I have recently been getting questions from organizations that have already established wage ranges, asking how the new exemption rules may affect their exempt level employees. The issue concerns situations when the range minimum doesn’t meet the new threshold, and there is a blend of employees who are classified as exempt and nonexempt included in these ranges.

So, first and foremost, if the employee is classified as exempt (and they pass the duties test), if they are paid at or above the new threshold of $47,476 they are good to go! However, if you have a policy in place where new hires start at the minimum, then you may have an issue that needs to be addressed.

In the following example, the current salaries meet the new threshold for all but one job, the Accountant. In order to maintain the exemption for the Accountant, the current salary would need to be increased to $47,476 by December 1, 2016, or the job should be reclassified to nonexempt. Pretty simple fix!

However, the range minimum for all the jobs listed are below the threshold. What if your Office Administrator is terminated and you look to rehire? Your internal processes have the new person starting at the minimum which is below the new threshold.

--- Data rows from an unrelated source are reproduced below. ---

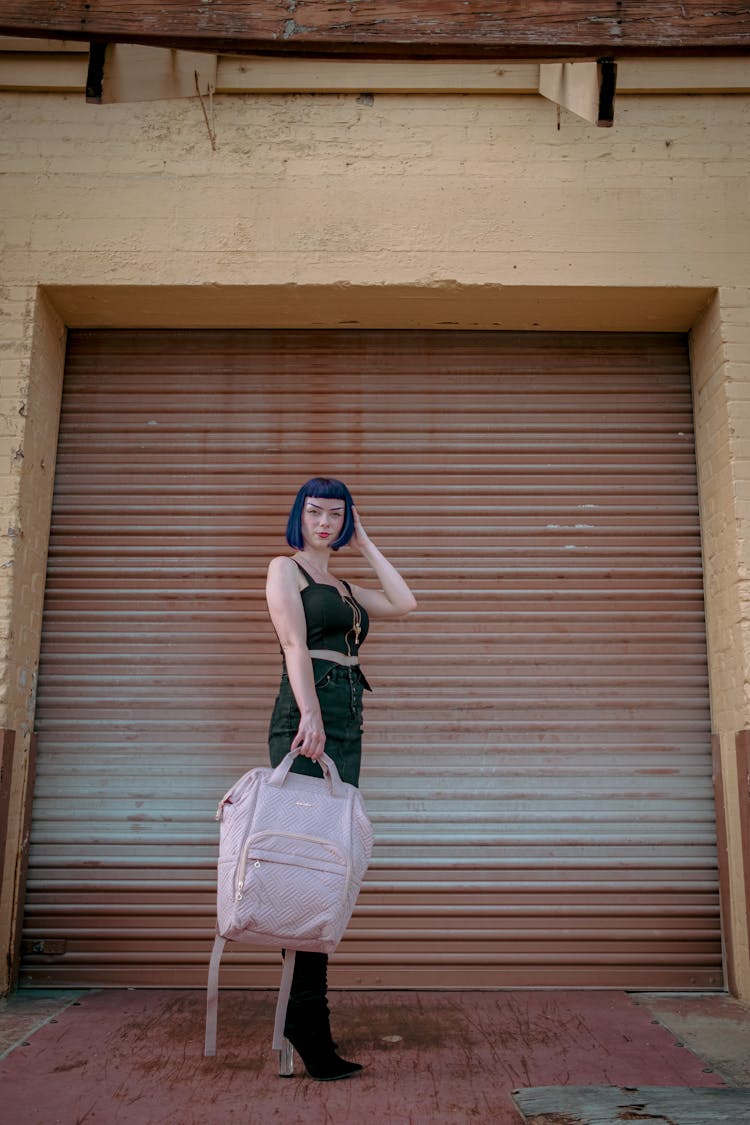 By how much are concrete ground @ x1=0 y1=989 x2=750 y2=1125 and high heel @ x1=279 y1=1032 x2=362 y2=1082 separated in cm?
4

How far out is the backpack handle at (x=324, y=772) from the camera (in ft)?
9.78

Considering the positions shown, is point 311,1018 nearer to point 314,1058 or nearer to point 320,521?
point 314,1058

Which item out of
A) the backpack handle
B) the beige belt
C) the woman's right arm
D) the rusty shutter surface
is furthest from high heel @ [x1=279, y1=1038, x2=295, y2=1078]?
the rusty shutter surface

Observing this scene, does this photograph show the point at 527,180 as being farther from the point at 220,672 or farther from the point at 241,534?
the point at 220,672

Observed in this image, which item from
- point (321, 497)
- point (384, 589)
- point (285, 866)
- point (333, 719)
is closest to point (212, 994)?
point (285, 866)

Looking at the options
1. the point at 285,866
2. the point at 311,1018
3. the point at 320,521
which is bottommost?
the point at 311,1018

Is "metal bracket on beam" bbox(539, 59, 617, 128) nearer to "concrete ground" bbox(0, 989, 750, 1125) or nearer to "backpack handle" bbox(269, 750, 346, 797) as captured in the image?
"backpack handle" bbox(269, 750, 346, 797)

Now what?

Job Title FLSA
Status
Current
Salary
Range
Minimum
Midpoint Range
Maximum
Human Resources Generalist Exempt $48,500 $38,400 $48,000 $57,600
Office Administrator Exempt $51,200 $42,800 $53,500 $64,200
Payroll Supervisor Exempt $52,500 $44,000 $55,000 $66,000
Accountant Exempt $47,200 $39,100 $48,900 $58,700
Production Supervisor Exempt $47,500 $33,600 $42,000 $50,400

Here are a few options you could consider:

  • Reclassify the job as nonexempt.
  • Revise processes and job descriptions for exempt employees that may reflect a higher level job and greater responsibilities, which will help justify paying the employee higher in the range in order to meet or exceed the new threshold.
  • Develop different ranges for exempt and non-exempt employees, ensuring that the minimum never falls below the new threshold for exempt employees.

As always, it is imperative to ensure that employees who are classified as exempt are meeting both the duties test as well as the salary test.

Just a friendly reminder: As we anticipate the December deadline for compliance, make sure you are prepared; however we do recommend that you don’t make any changes until December 1.